Henry Keswick: the plutocrat who fell for China
Henry Keswick, a scion of the Jardine Matheson trading company, rebuilt the firm's fortunes after the upheavals of the 1990s. He died aged 86.
In 2014, Henry Keswick wrote to the Financial Times to voice his opposition to Scottish independence. “I am a humble Scottish merchant trading in the China Seas.

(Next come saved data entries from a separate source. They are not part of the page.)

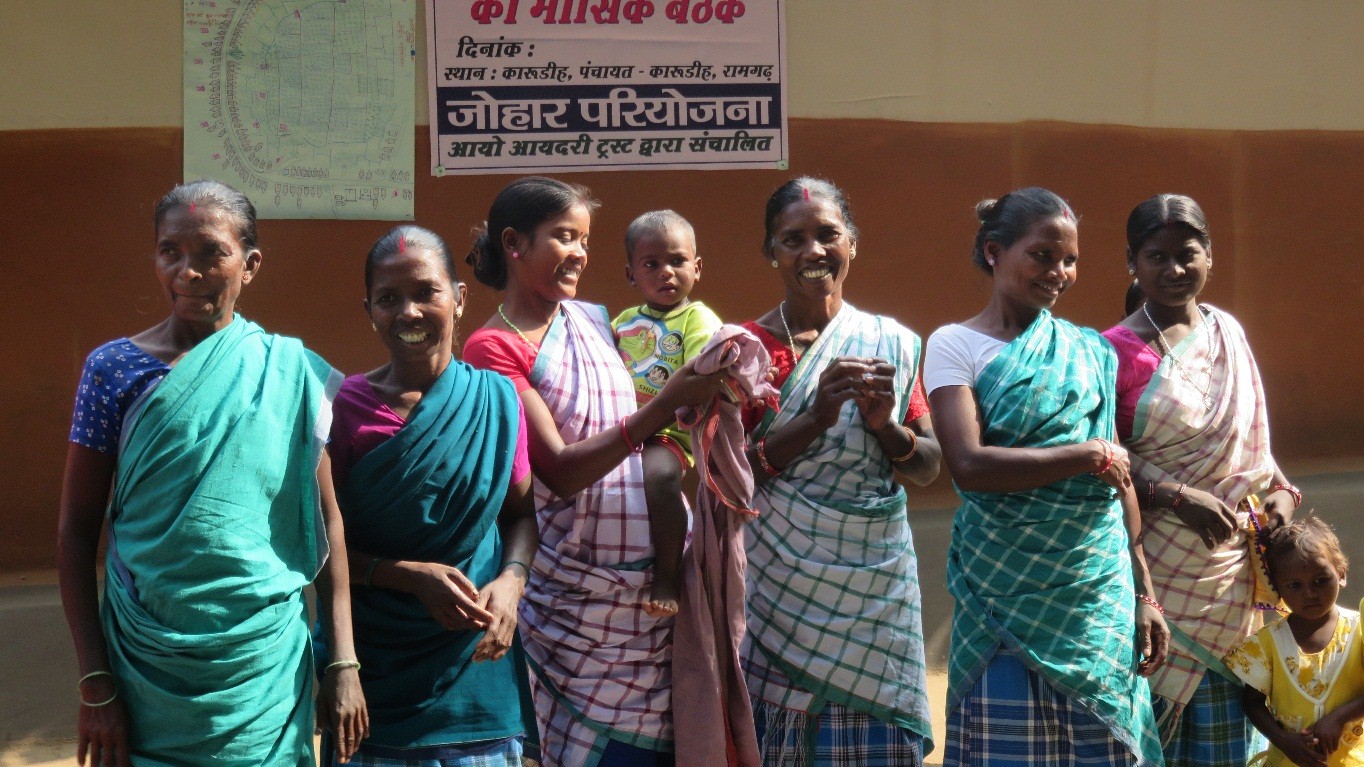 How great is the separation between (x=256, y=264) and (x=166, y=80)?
3.37m

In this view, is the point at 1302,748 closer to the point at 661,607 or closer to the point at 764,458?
the point at 764,458

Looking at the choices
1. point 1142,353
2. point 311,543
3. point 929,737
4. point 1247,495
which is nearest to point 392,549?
point 311,543

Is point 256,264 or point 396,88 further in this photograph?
point 396,88

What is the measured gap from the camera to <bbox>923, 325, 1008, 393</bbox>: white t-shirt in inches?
133

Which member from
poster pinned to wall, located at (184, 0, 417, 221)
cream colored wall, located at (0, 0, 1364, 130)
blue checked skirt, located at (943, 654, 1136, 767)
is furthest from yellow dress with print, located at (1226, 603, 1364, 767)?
poster pinned to wall, located at (184, 0, 417, 221)

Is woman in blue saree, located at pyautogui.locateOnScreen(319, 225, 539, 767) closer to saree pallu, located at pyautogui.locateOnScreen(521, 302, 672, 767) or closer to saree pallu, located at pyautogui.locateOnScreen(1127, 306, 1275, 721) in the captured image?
saree pallu, located at pyautogui.locateOnScreen(521, 302, 672, 767)

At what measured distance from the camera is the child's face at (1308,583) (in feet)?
11.6

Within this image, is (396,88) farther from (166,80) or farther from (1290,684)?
(1290,684)

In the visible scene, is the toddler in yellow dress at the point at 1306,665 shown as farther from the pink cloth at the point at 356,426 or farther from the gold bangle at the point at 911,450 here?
the pink cloth at the point at 356,426

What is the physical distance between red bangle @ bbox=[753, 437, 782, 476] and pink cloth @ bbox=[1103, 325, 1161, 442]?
1065 millimetres

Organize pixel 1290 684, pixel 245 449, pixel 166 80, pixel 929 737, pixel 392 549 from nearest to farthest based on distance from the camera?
1. pixel 245 449
2. pixel 392 549
3. pixel 929 737
4. pixel 1290 684
5. pixel 166 80

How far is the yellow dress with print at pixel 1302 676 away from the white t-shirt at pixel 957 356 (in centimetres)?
113

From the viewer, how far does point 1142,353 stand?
11.8ft

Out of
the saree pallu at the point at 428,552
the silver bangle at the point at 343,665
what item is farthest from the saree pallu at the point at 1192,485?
the silver bangle at the point at 343,665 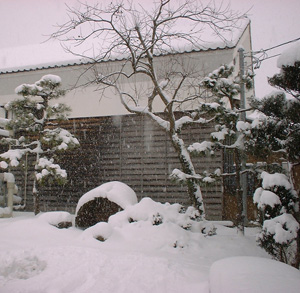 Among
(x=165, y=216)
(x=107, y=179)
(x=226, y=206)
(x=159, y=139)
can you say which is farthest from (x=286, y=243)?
(x=107, y=179)

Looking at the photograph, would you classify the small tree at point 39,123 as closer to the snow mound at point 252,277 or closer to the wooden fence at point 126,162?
the wooden fence at point 126,162

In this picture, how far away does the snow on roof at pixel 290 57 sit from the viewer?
4027mm

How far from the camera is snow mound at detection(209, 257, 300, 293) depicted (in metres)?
2.24

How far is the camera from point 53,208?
10344mm

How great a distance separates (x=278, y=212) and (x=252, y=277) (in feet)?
7.53

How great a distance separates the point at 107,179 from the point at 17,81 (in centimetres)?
558

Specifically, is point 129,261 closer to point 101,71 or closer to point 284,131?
point 284,131

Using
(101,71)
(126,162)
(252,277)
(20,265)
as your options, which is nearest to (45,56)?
(101,71)

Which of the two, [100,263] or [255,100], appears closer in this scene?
[100,263]

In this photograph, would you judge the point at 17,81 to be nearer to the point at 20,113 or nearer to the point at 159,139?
the point at 20,113

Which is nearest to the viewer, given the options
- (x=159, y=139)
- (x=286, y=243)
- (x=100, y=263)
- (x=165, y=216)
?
(x=286, y=243)

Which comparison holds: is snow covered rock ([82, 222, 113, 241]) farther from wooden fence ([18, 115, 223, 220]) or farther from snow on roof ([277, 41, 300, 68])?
snow on roof ([277, 41, 300, 68])

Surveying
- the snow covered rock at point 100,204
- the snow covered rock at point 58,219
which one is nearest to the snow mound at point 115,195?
the snow covered rock at point 100,204

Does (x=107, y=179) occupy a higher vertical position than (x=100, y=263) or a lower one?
higher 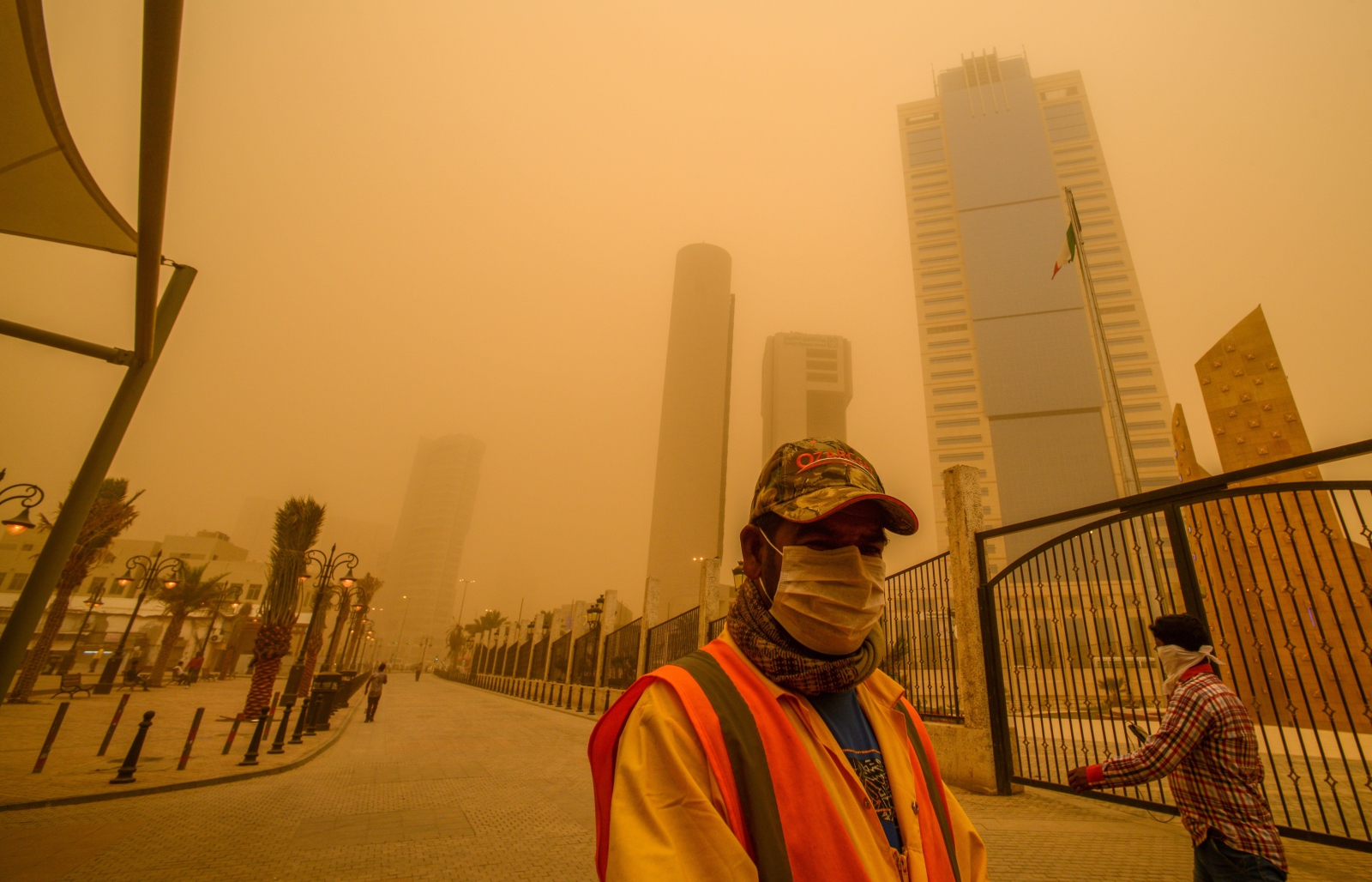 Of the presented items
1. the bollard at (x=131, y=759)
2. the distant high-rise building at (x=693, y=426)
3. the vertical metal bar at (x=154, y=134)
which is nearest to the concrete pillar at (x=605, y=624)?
the bollard at (x=131, y=759)

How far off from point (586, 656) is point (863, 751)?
907 inches

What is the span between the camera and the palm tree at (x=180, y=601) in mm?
23094

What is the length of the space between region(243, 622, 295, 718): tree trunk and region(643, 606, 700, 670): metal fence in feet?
29.4

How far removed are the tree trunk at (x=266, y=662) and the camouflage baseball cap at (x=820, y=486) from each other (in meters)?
14.3

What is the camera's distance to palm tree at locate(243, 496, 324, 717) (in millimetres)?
12305

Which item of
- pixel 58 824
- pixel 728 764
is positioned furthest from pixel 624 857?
pixel 58 824

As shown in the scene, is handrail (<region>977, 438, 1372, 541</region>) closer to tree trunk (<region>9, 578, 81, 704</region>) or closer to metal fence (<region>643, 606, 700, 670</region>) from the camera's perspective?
metal fence (<region>643, 606, 700, 670</region>)

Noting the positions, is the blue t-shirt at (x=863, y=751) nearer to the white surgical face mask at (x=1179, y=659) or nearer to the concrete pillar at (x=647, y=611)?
the white surgical face mask at (x=1179, y=659)

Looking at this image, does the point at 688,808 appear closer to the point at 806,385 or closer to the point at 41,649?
the point at 41,649

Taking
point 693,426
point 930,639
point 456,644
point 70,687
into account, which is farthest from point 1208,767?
point 693,426

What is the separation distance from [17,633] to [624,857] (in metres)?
3.06

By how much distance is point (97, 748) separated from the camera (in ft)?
28.9

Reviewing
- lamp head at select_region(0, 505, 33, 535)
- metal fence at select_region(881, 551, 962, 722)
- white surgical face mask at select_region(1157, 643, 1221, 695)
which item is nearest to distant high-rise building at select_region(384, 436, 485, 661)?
lamp head at select_region(0, 505, 33, 535)

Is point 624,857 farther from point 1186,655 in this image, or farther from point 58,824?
point 58,824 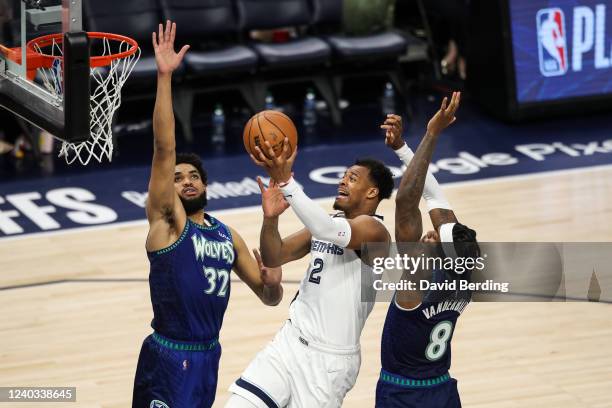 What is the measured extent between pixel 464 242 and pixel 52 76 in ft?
7.62

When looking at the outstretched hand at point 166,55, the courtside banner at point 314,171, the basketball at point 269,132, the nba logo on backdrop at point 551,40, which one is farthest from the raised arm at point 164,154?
the nba logo on backdrop at point 551,40

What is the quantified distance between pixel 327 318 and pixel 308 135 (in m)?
7.53

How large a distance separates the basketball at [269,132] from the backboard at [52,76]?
3.01 feet

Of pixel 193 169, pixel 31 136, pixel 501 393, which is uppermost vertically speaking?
pixel 193 169

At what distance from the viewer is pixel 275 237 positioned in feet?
22.7

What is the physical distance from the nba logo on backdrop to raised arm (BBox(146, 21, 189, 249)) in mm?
8018

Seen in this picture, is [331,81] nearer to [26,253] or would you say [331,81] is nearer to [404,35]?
[404,35]

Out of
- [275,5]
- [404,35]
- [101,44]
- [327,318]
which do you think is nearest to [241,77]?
[275,5]

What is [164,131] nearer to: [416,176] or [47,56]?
[47,56]

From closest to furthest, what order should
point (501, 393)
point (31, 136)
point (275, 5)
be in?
point (501, 393) → point (31, 136) → point (275, 5)

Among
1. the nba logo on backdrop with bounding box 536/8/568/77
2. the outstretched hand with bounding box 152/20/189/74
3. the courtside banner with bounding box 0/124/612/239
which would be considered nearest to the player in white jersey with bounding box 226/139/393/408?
the outstretched hand with bounding box 152/20/189/74

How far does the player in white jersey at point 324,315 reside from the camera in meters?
6.99

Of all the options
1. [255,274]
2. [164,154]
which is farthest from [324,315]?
[164,154]

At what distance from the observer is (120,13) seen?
14.0 metres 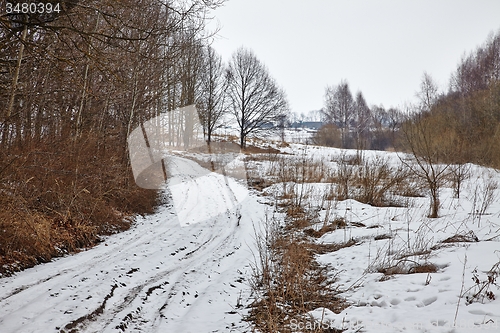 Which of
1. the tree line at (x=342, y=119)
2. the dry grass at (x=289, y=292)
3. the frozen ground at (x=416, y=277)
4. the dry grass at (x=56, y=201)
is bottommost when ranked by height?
the dry grass at (x=289, y=292)

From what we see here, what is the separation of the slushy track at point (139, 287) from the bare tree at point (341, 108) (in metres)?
37.7

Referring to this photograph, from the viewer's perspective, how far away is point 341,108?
4078cm

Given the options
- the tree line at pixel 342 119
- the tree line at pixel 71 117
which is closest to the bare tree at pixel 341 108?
the tree line at pixel 342 119

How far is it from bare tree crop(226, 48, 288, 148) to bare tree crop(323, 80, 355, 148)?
15.1 metres

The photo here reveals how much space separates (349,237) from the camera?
553 cm

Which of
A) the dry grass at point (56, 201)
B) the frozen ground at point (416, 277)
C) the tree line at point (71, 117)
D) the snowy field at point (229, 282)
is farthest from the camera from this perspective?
the dry grass at point (56, 201)

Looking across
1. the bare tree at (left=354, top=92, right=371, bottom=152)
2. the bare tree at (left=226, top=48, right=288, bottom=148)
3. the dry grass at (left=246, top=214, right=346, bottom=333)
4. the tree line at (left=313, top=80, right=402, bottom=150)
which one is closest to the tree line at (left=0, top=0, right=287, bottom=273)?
the dry grass at (left=246, top=214, right=346, bottom=333)

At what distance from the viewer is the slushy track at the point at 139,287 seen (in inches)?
109

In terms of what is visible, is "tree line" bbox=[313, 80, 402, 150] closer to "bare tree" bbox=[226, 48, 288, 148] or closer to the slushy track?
"bare tree" bbox=[226, 48, 288, 148]

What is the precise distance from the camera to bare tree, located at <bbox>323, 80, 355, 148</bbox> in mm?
40562

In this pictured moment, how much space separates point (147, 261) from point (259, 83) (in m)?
26.4

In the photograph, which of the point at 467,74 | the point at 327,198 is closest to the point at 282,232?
the point at 327,198

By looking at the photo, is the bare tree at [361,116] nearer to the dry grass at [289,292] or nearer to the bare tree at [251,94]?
the bare tree at [251,94]

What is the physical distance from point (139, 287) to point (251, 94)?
1054 inches
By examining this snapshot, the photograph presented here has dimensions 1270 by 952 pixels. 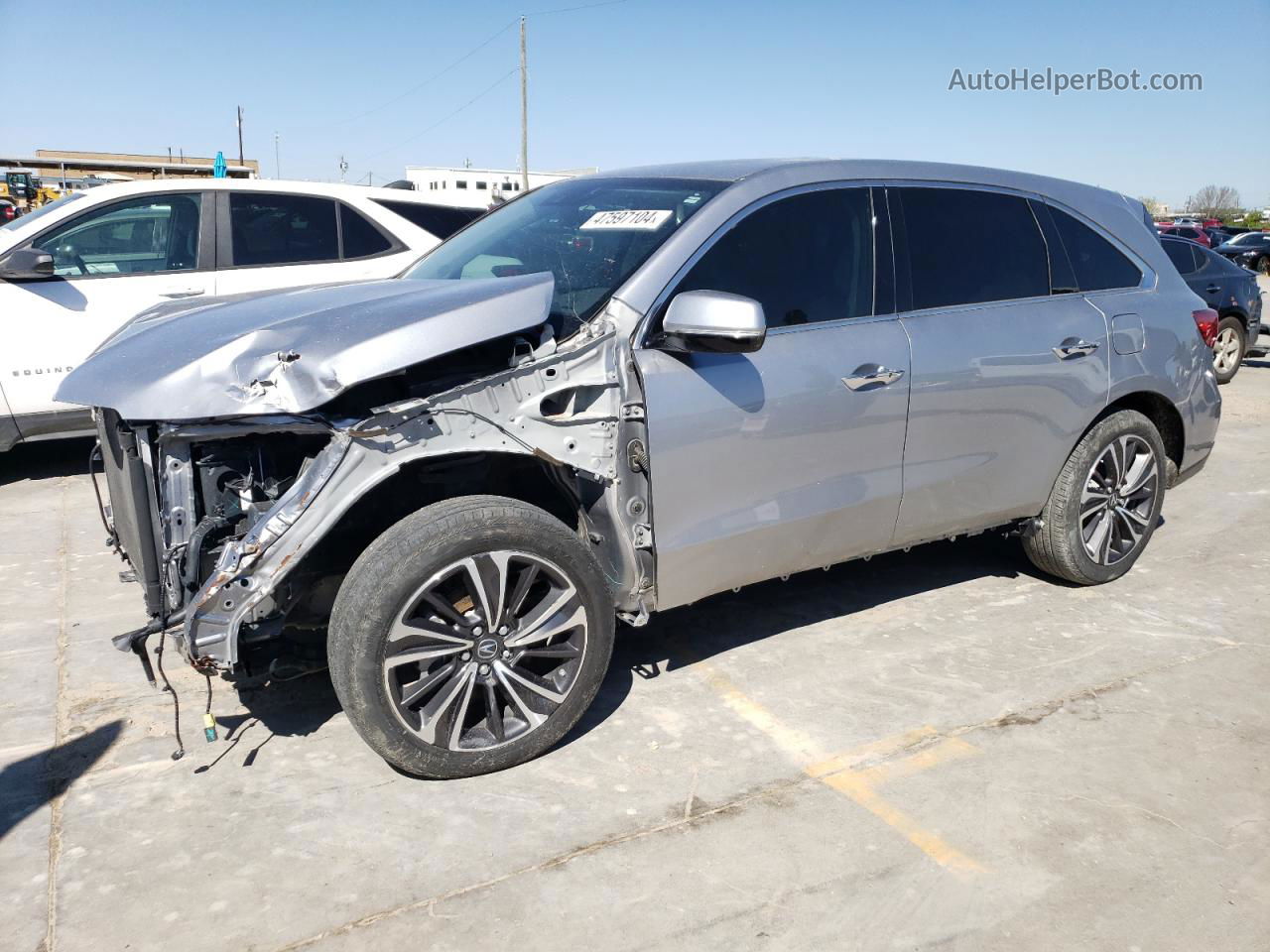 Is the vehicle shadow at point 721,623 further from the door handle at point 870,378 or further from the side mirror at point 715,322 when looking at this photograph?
the side mirror at point 715,322

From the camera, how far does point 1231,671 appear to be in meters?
4.08

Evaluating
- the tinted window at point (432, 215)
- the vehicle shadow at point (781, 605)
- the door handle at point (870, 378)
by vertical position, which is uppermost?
the tinted window at point (432, 215)

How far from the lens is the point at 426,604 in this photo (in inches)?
120

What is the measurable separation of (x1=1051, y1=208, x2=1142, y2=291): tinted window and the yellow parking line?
7.34 feet

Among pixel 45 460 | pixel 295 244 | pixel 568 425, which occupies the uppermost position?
pixel 295 244

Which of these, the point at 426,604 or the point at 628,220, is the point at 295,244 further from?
the point at 426,604

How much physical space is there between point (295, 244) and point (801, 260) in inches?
178

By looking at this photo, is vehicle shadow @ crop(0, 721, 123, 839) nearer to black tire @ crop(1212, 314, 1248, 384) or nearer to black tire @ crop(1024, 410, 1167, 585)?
black tire @ crop(1024, 410, 1167, 585)

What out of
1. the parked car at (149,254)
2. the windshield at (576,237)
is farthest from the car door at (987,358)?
the parked car at (149,254)

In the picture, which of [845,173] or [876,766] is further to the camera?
[845,173]

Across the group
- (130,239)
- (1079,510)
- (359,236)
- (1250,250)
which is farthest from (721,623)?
(1250,250)

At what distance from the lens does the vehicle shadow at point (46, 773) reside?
10.1ft

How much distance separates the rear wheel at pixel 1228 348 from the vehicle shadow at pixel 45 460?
11.3 meters

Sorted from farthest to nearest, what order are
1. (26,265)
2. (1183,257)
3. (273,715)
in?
1. (1183,257)
2. (26,265)
3. (273,715) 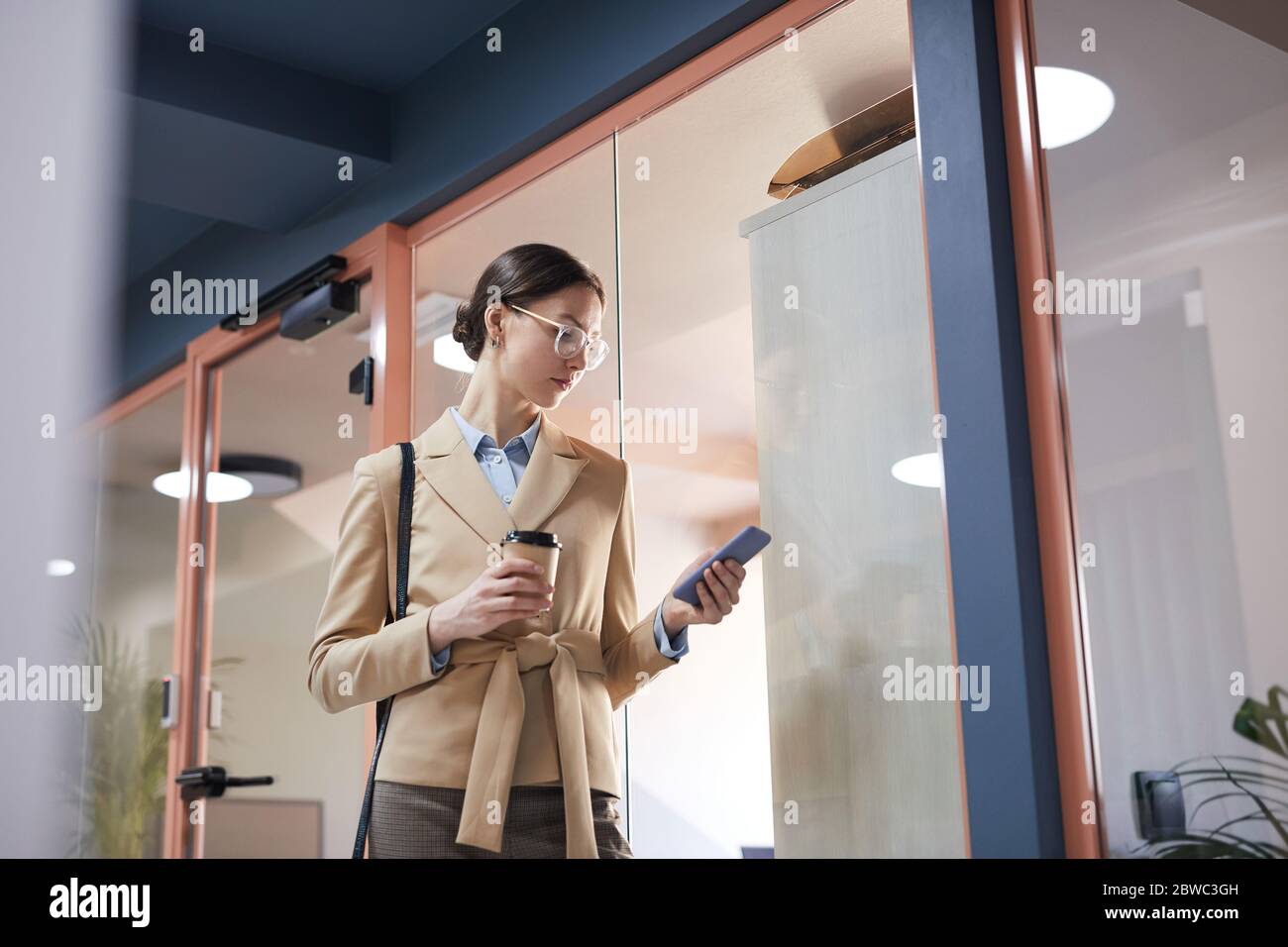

My family has followed this profession for almost 200 years,” he wrote. “When we are bearing the sticky heat of China’s Pearl River Delta or the tropical rainforests of equatorial Borneo, we dream about the cool, soft mist of the green Galloway hills where we were bred.”
Keswick, who has died aged 86, was “an almost extinct type”, says Charles Moore in The Spectator: “the patrician plutocrat – grand, usually benevolent, occasionally autocratic”. As a scion of the Jardine Matheson trading company – co-founded in 1832 in Canton (now known as Guangzhou, China) by a Jardine forebear to trade tea, silk, rhubarb and opium – he became the Hong Kong firm’s youthful “taipan” (leader) in 1970, and “therefore rich”.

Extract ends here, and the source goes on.